Linda A. Lait scite author profile

Black-capped chickadees (Poecile atricapillus) and mountain chickadees (P. gambeli) are ecologically segregated due to differences in habitat preference. However, forestry practices in northwestern Canada have created a mosaic of coniferous (mountain chickadee habitat) and deciduous forest patches (black-capped habitat), which might explain cases of observed regional sympatry between these 2 closely related species. In Poecile species, social hierarchies amongst conspecific individuals influence lifehistory parameters such as mate choice. As a result, interspecific social hierarchies might drive hybridization between these 2 closely related species. By conducting field observations and aviary experiments, we demonstrated that black-capped chickadees are dominant over mountain chickadees. Using a combination of species-specific phenotypes (plumage), mitochondrial DNA (mtDNA) to assess maternal genotype, and microsatellite markers, we confirmed that genetic mixing occurs within our contact zone but that the pattern of parentage appears directional.

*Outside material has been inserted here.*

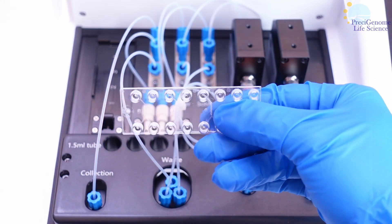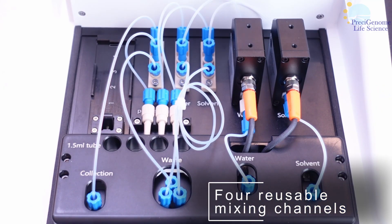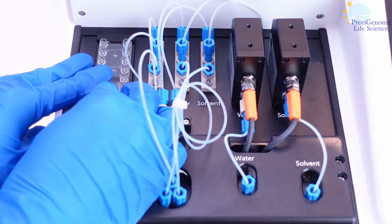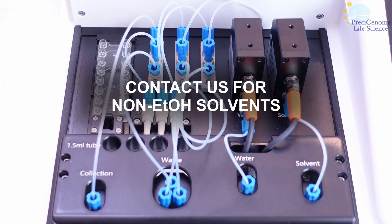The standard mixing chip is the Mix4, which has four Tesla mixer channels. Channels are reusable depending on formulation and suitable for polar organic solvents. A glass mixing chip is also available for harsher solvents or special requirements.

All but one of the adult hybrids was phenotypically identified as mountain chickadee and had mountain chickadee mtDNA. Furthermore, all nestlings where microsatellites detected mixedspecies ancestry were from mountain chickadee nests with both attending parents having mountain chickadee phenotypes. All mtDNA from these nestlings was mountain chickadee except for one individual, and in all cases, these nestlings showed genetic patterns of having arisen through extrapair copulations between female mountain and male black-capped chickadees. Our results suggest that hybridization may result from males of the mountain chickadees having lower expression of a preferred trait (dominance) than the black-capped chickadees.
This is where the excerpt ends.